And the reasonableness of this view grows the clearer to us the more we realise the purposive character of the evolutionary process. The unmistakeable purpose of that process is the production of the higher from the lower; all through the ages the vast design works itself out in a ceaseless ascending movement, the theme expanding, its meaning becoming more apparent. Then, when a certain point in this development has been reached, evolution takes a direction such as no one could have forecast: "its operation upon the physical frame is diverted to the mind, the centre of interest transferred from the outward organism to the inner forces of which it is the vehicle"--and man becomes a living soul. Since, then, it has taken all these myriad ages, all this immense expenditure of planning and energy, to produce what is incontestably the crowning work of creation on this globe, must we not say that this was the issue towards which the whole process was set in motion from the very beginning? And if this is so, are we to think that at the end, when its carefully, patiently wrought-out purpose has been attained, this process suddenly turns irrational, and hands over its last and highest product to destruction? As has been well said, "To suppose that what has been evolved at such cost will suddenly collapse, is to suppose that the whole scheme of things is self-stultifying"; and for such a supposition we {231} see not only no necessity, but no shadow of warrant.
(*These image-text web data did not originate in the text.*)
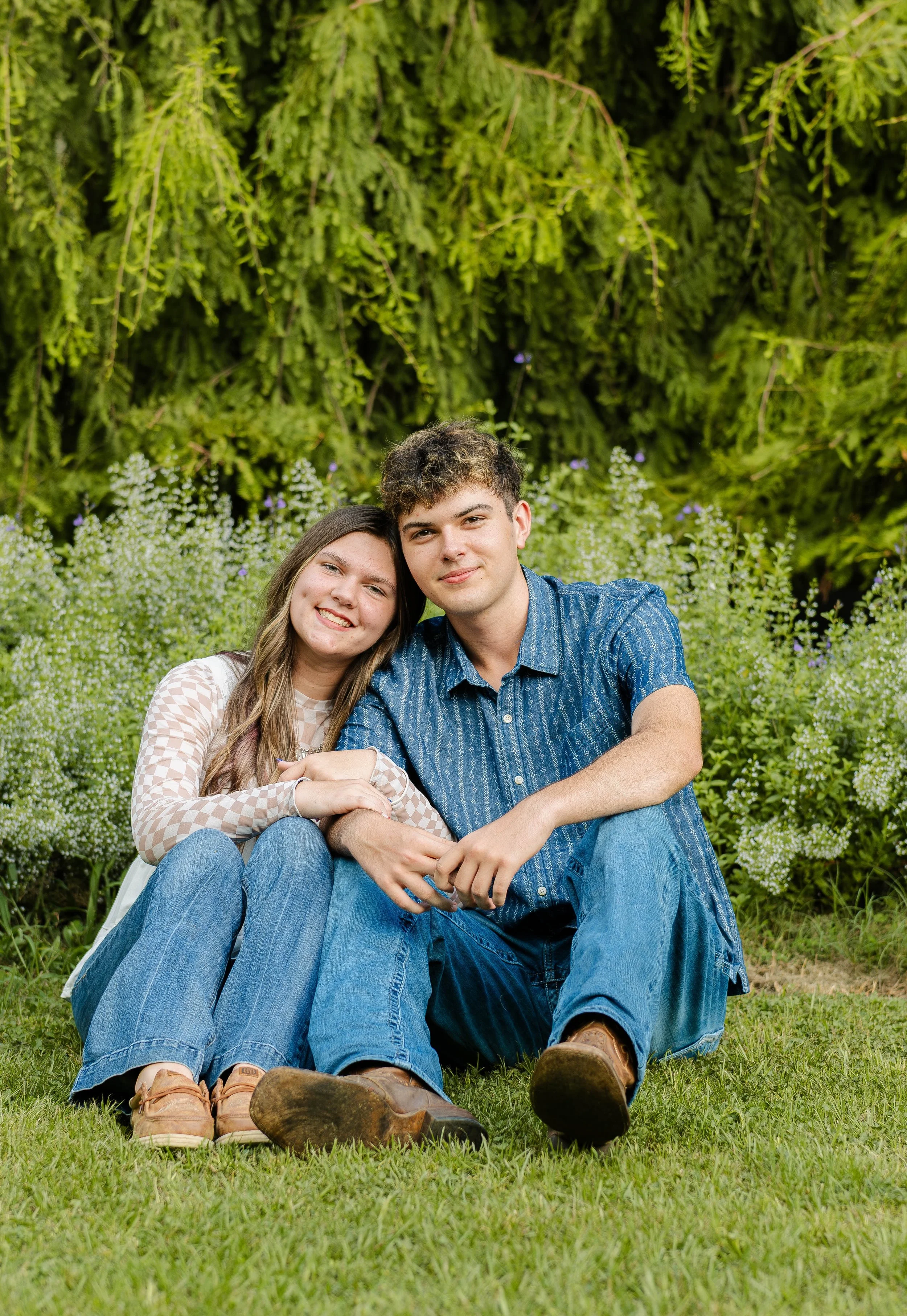 A young couple sitting on the grass in a garden with greenery and flowering bushes, smiling at the camera.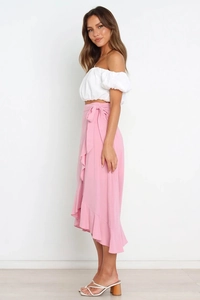 Detail of pink wrap skirt with tie waist and ruffled hem paired with a white off-shoulder top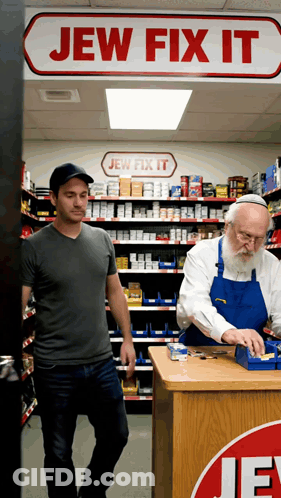 Two Men In A Jew Fix It Store With A Sign Above Them GIF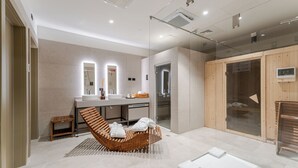 Un baño moderno con una silla de baño de madera, un espejo grande, un lavabo y una cabina de ducha de vidrio.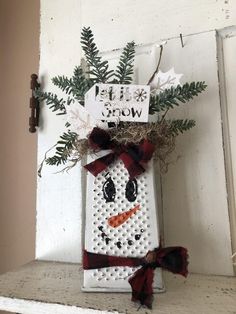 a snowman made out of perforated white bricks with red and black bows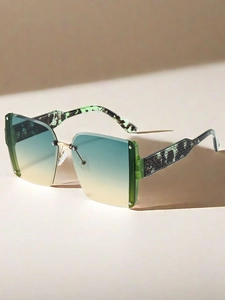 Close-up of oversized rimless sunglasses featuring green-yellow gradient lenses and gold nose bridge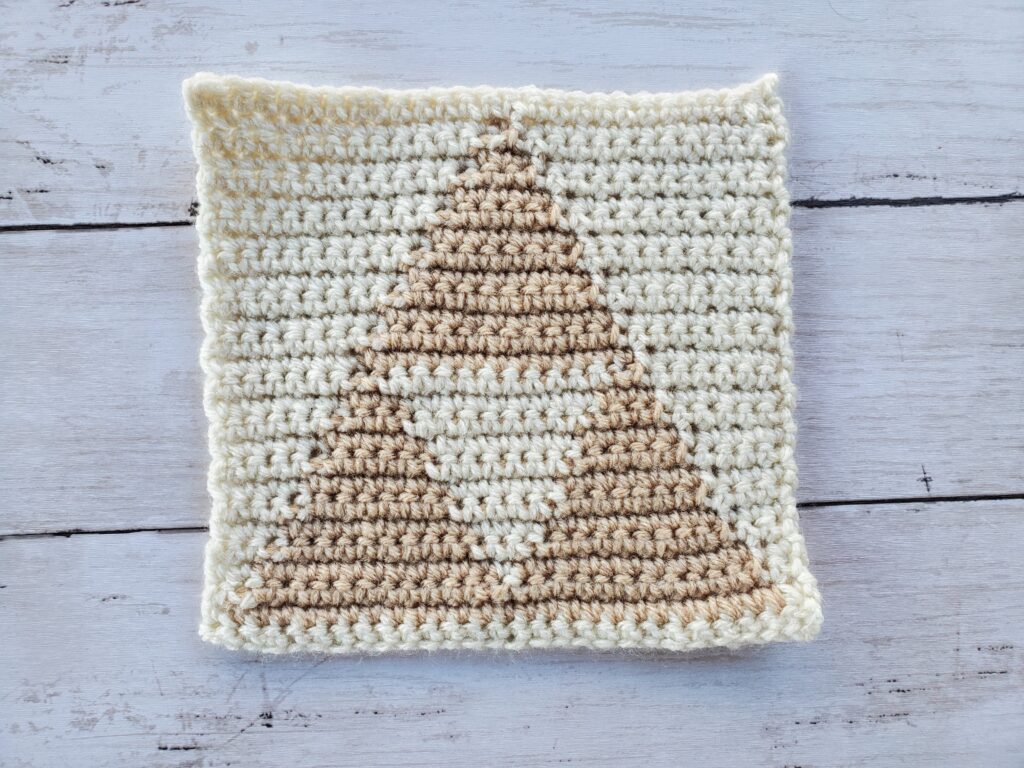 Triforce dishcloth with aran base color and buff triforce color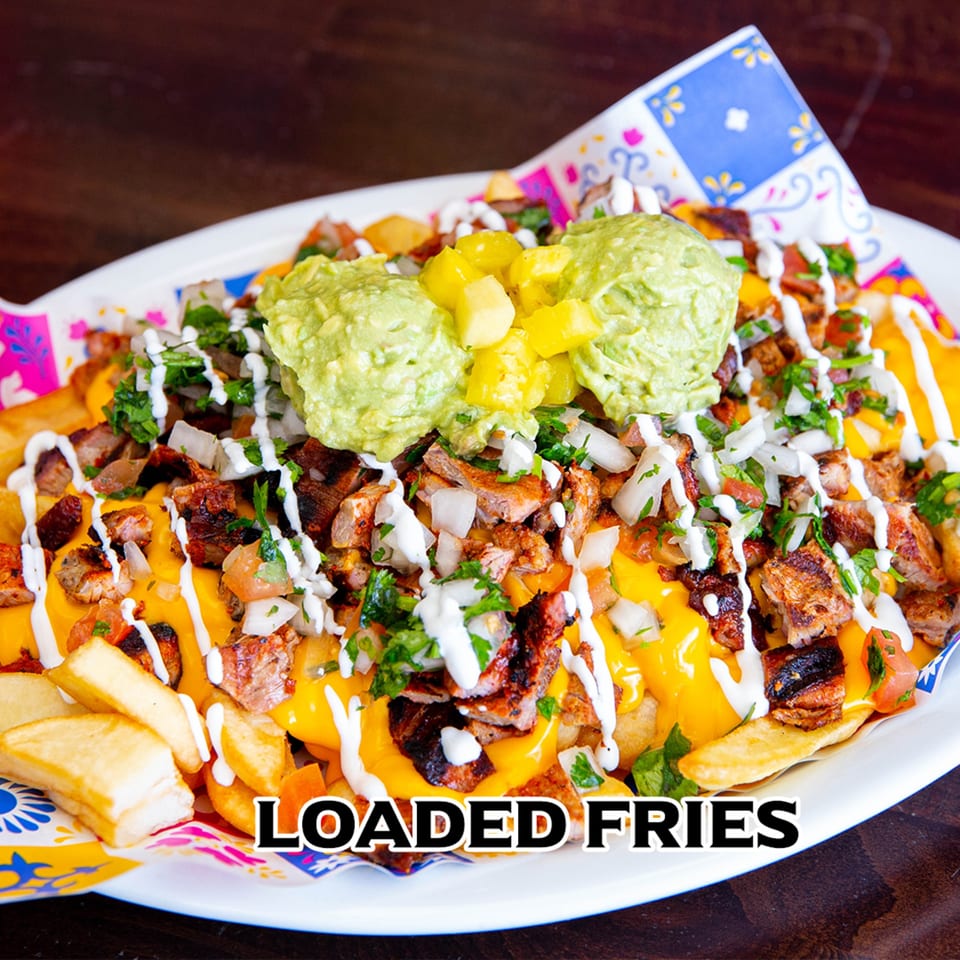 Loaded fries with cheese, carne asada, guacamole, and pico de gallo on a white plate.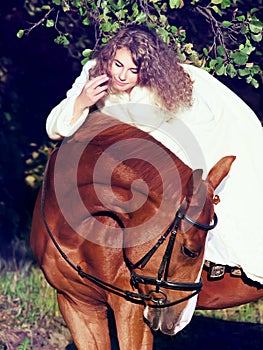Young bride riding on red horse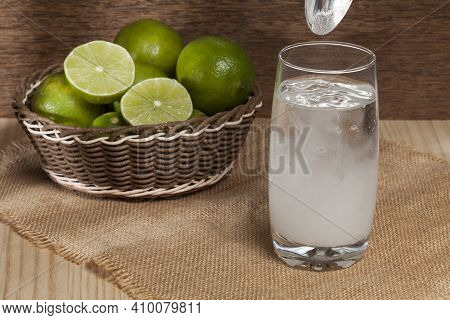 Water, Baking Soda And Lemon; Photo On Wooden Background.
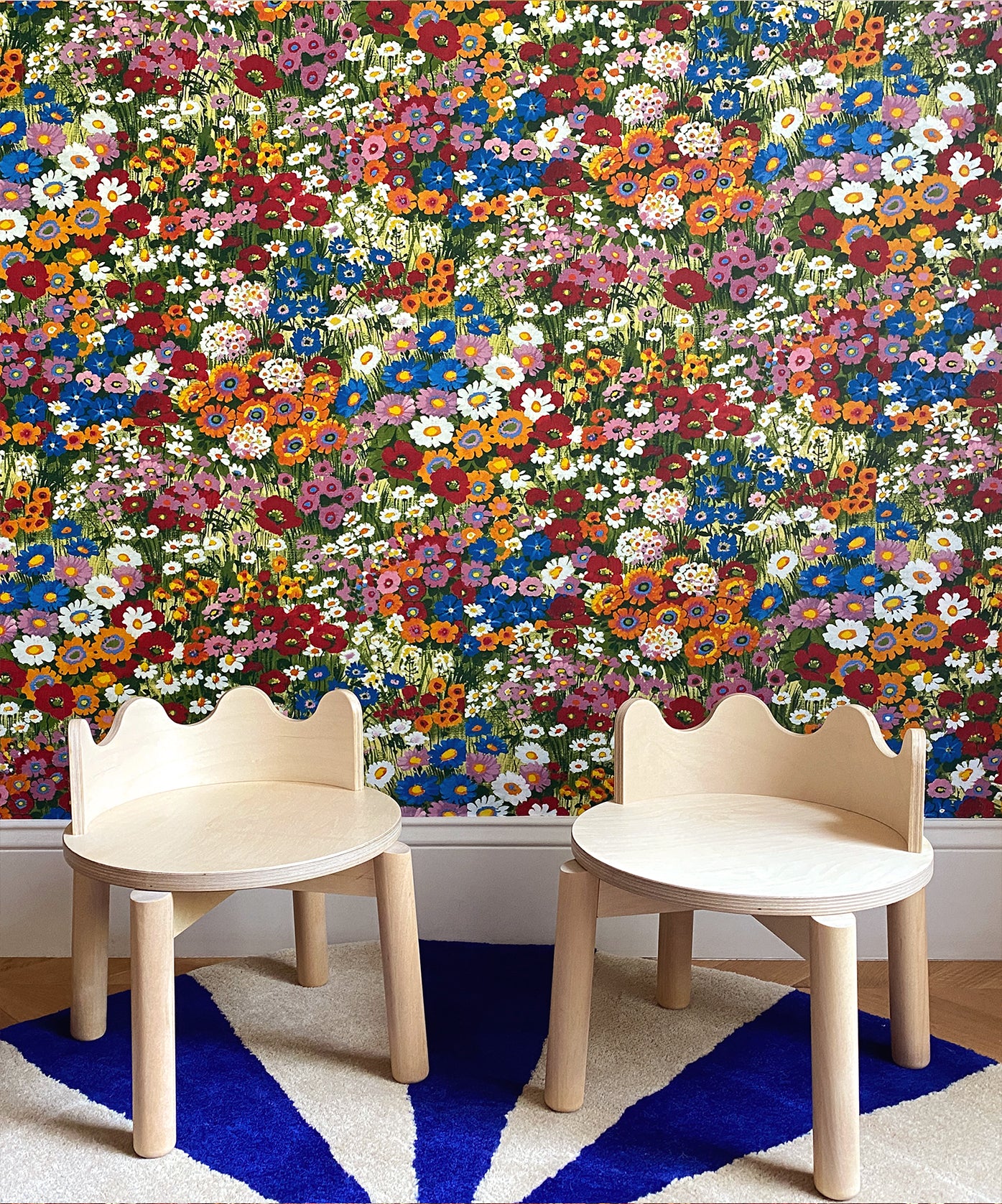 Two Moss Chairs facing floral wallpaper on a blue and white geometric patterned rug.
The question is reduced to this: are man's highest spiritual qualities, into the production of which all this creative energy has gone, to disappear with the rest? Has all this work been done for nothing? Is it all ephemeral, all a bubble that bursts, a vision that fades? Are we to regard the Creator's work as like that of a child, who builds houses out of blocks, just for the pleasure of knocking them down? For aught that science can tell us, it may be so, but I can see no good reason for believing any such thing . . . The more thoroughly we comprehend that process of evolution by which things have come to be what they are, the more we are likely to feel that to deny the everlasting persistence of the spiritual element in man is to rob the whole process of its meaning. It goes far towards putting us to permanent intellectual confusion, and I do not see that anyone has as yet alleged, or is ever likely to allege, a sufficient reason for our accepting so dire an alternative.[5]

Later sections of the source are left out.